3:47 AM

First week on the rotation. I had read the onboarding docs twice. I had the runbook bookmarked. I told myself I was ready, the way you tell yourself you are ready for something you have never actually done.

The page came at 3:47 AM. CRITICAL. checkout-svc p99 latency above 30 seconds.

The investigation

Heart pounding, I opened the laptop in the dark, joined the incident bridge alone, and started digging. I checked the service dashboards. I checked the upstream dependencies. I checked the database, the cache, the load balancer, the recent deploys. Everything was healthy. The latency the alert was screaming about did not appear on any graph I could find.

After forty-five minutes of cold sweat and increasingly frantic queries, I did what the docs said to do when you are stuck. I escalated. I woke my lead. My lead, half asleep and clearly confused, woke their lead.

The truth

At 4:40 AM the senior engineer logged on, looked at the alert for about ten seconds, and muted it.

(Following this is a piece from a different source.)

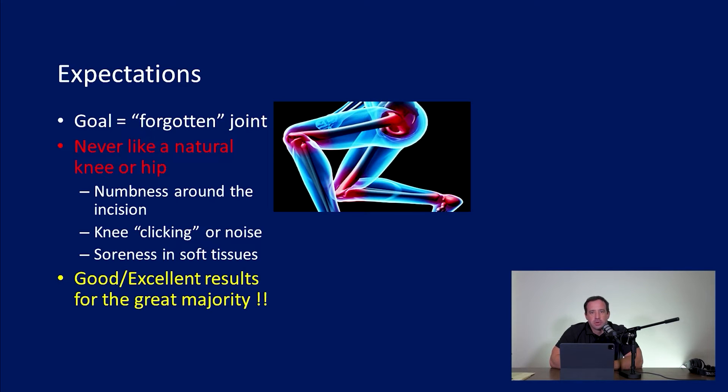This is not recreating your joints when you were 18 years old. You'll notice numbness around surgical incisions. Knee replacements may click or make some noise. Hips or knees may have soreness in the soft tissues. So even though the joint has been replaced and we put in artificial parts to restore areas damaged by trauma or arthritis, this is never like a normal joint. However, for the overwhelming majority of patients, the results are really excellent — excellent relief of pain and a much improved lifestyle.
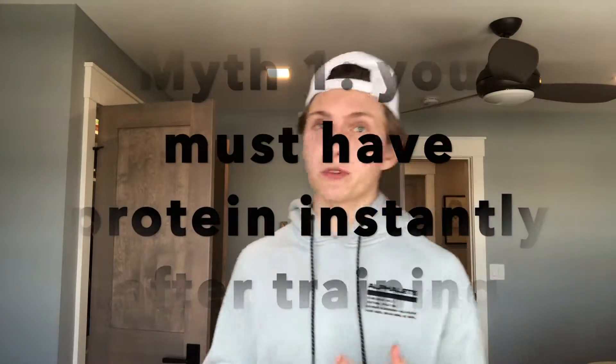Whether you're just getting into working out or you've been at it for years, you'll always hear common statements like: no carbs past 6 p.m., eat protein within 10 minutes after training, or high reps for losing weight and low reps for building muscle. The first myth: you need to drink a protein shake within a minute of training. People stress about getting protein right after they work out, afraid they'll lose all their gains. The reality is, as long as you're hitting your total protein intake throughout the entire day, it doesn't matter if you consume it within 10 minutes post-training. You can go a few hours after training without eating and still be fine.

The alert fired every single night at 3:47 AM. A nightly batch job warmed its caches at that exact time and produced a brief, harmless latency spike that tripped the threshold. It had been firing for two years. Everyone on the team knew. Nobody had written it in the runbook. Nobody had told me. They had simply, over time, learned to sleep through their phones, and the silence I had mistaken for a healthy rotation was actually a team that no longer believed its own alerts.

What we changed

We added a suppression window around the batch job so the alert could not fire on a known, harmless spike. We audited every alert nobody could explain and deleted the ones that no longer meant anything. And we adopted a rule: if an alert is safe to ignore, it is not safe to keep. Either it is worth waking a human, or it does not exist.